One might say, “Do we really need to”? and another would say “We have to”.. and still another will say, “We’re all overreacting”.. and you know what? All three opinions are in a certain way, correct.

Do some of the following questions and comments sound familiar?

“I’m on top of it, I know what this social networking thing is all about”, “My child doesn’t really use it”, “Does it really matter?
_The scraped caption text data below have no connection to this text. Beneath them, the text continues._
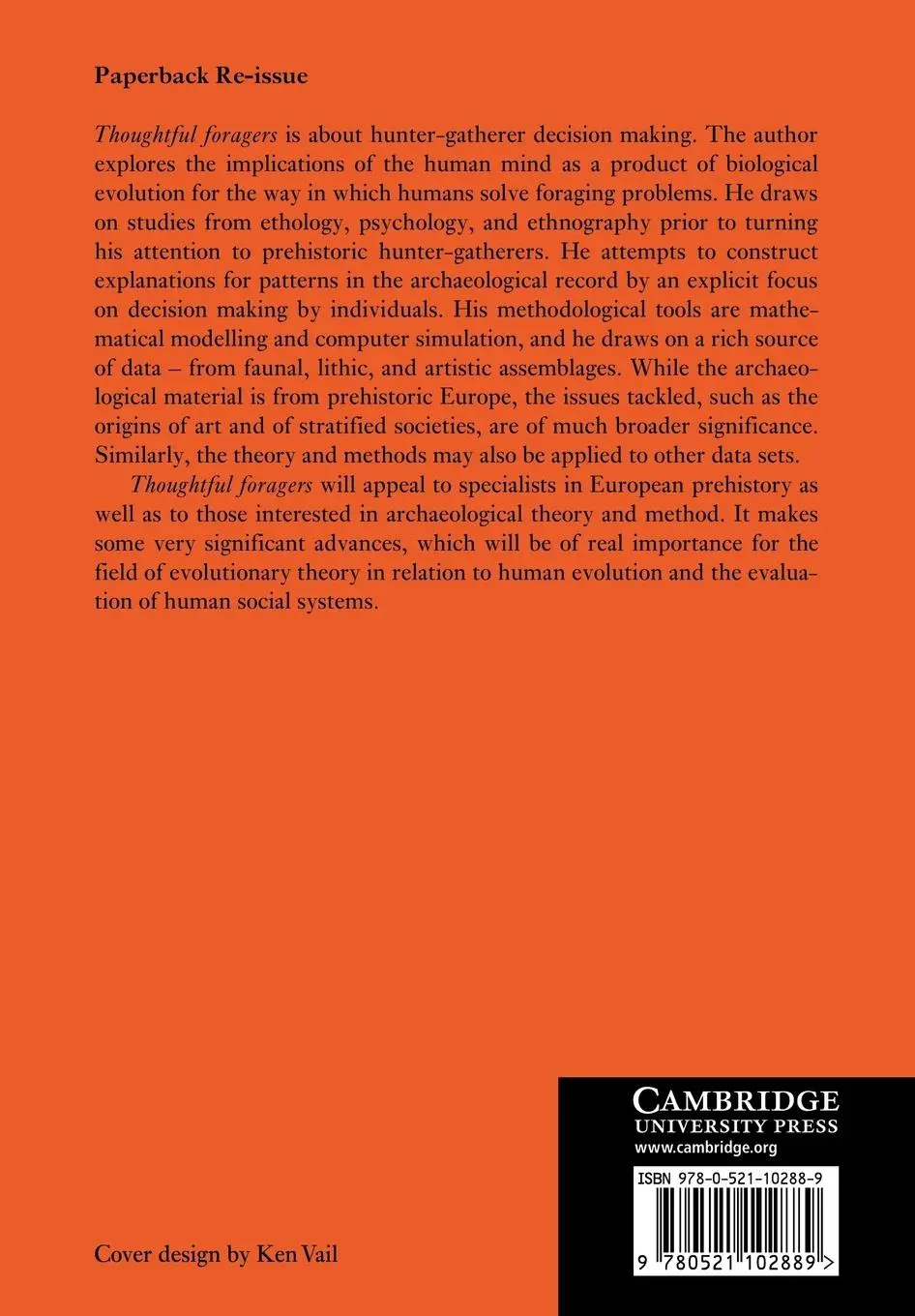 Rückseite: 9780521102889 | Thoughtful Foragers | A Study of Prehistoric Decision Making | Mithen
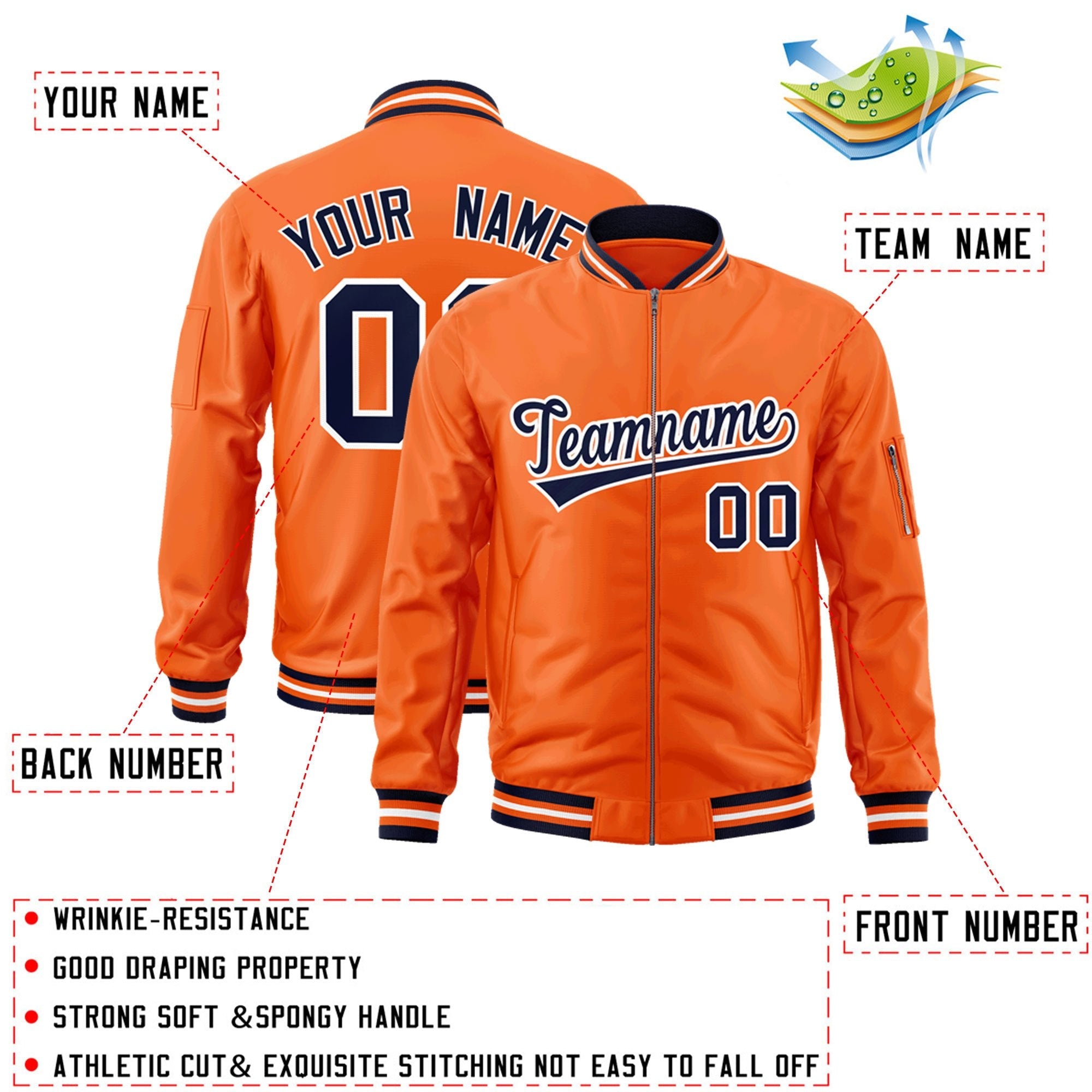 Custom Orange Navy-White Varsity Full-Zip Letterman Bomber Jacket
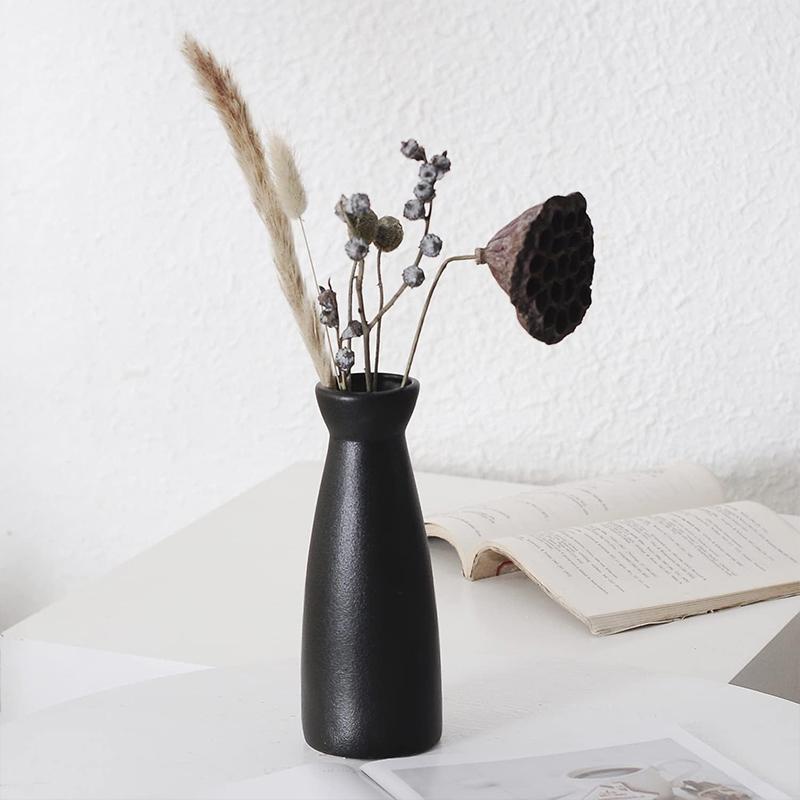 GREENYHAVEN Distressed Ceramic Vase - Black (Set of 3)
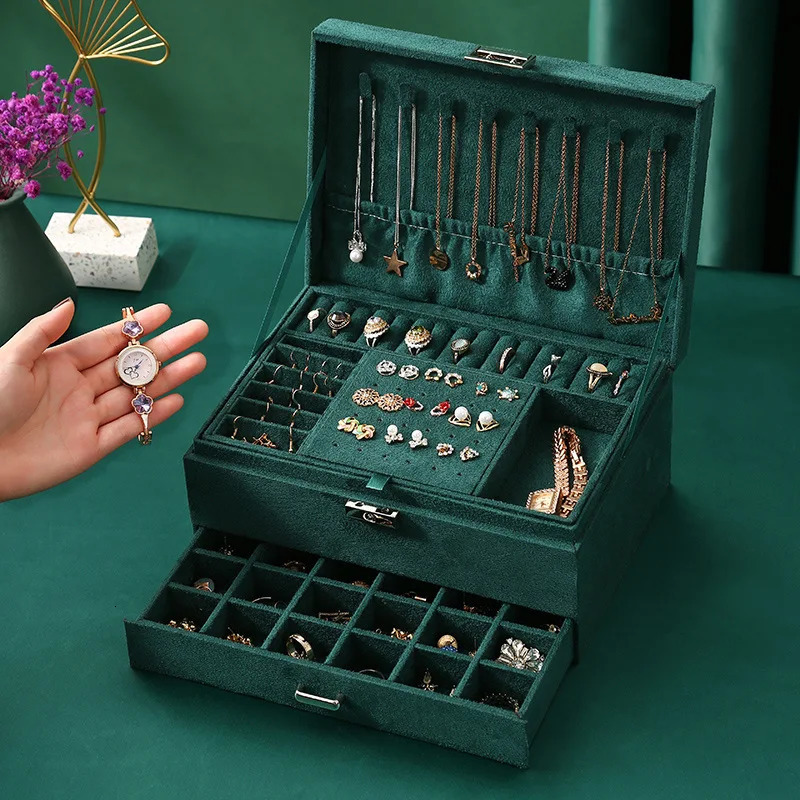 Jewelry Boxes 3 Layer Vintage jewlery box organizer and packaging ring jewelry for Rings Earrings Necklace with Soft Velvet Lining 231011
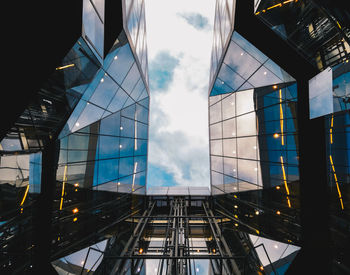 Directly below shot of modern buildings in city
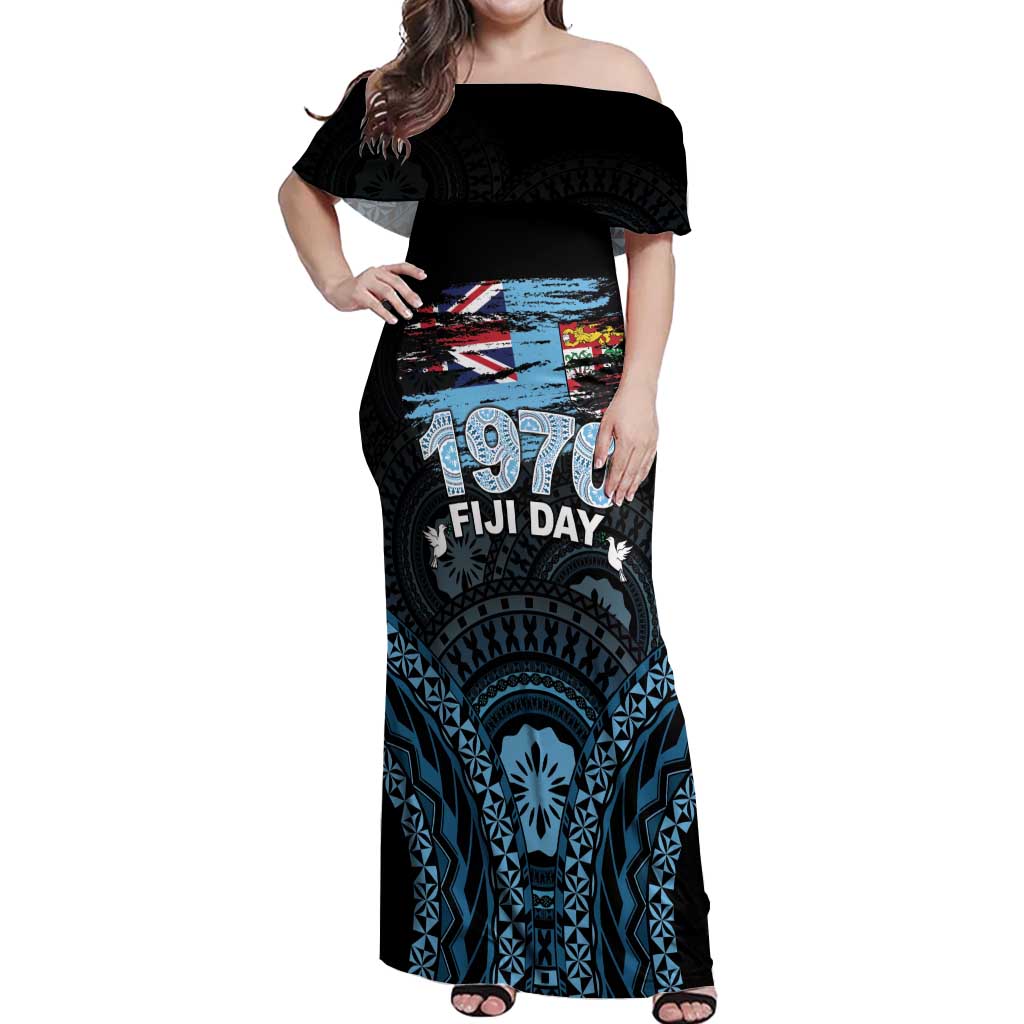 Personalised Happy Fiji Day 1970 Off Shoulder Maxi Dress Flag Grunge Style LT05 Women Black - Polynesian Pride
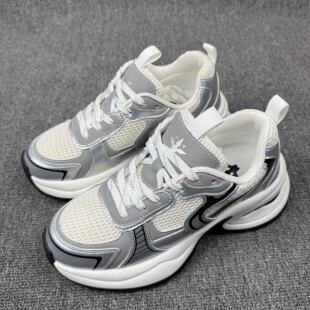 女鞋 网面透气厚底运动鞋 防滑增高休闲鞋 时尚 撤柜春季 老爹鞋 露思款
It hasn’t been a problem yet”, “My kids are good, they’re responsible and know what they are doing, nothing has happened, nothing ever will”.  “Facebook seems harmless”, and besides, all they do is text”.

Your children, and for the sake of this post I will keep it to those children that are under 18, are exposed to so many different forms of media and channels of communication, that one has to wonder…

How do you shield them from the dark side and at the same time allow them to explore, absorb and learn without acting or being perceived as the enemy?

Right?

Before we dig into the what to do, let’s review something real quick that may help you to understand the landscape a little bit.

Though the above graphic refers to adults, children are not too far off from this model.  This graphic by Forrester Research, refers to the types of people that hang out in communities and what they do in those communities. Your children hang out in communities, both online and offline, and all of those communities have their own sets of things to do, their own sub cultures and their own cliques; and within those groups there is as well, unwritten rules and what not.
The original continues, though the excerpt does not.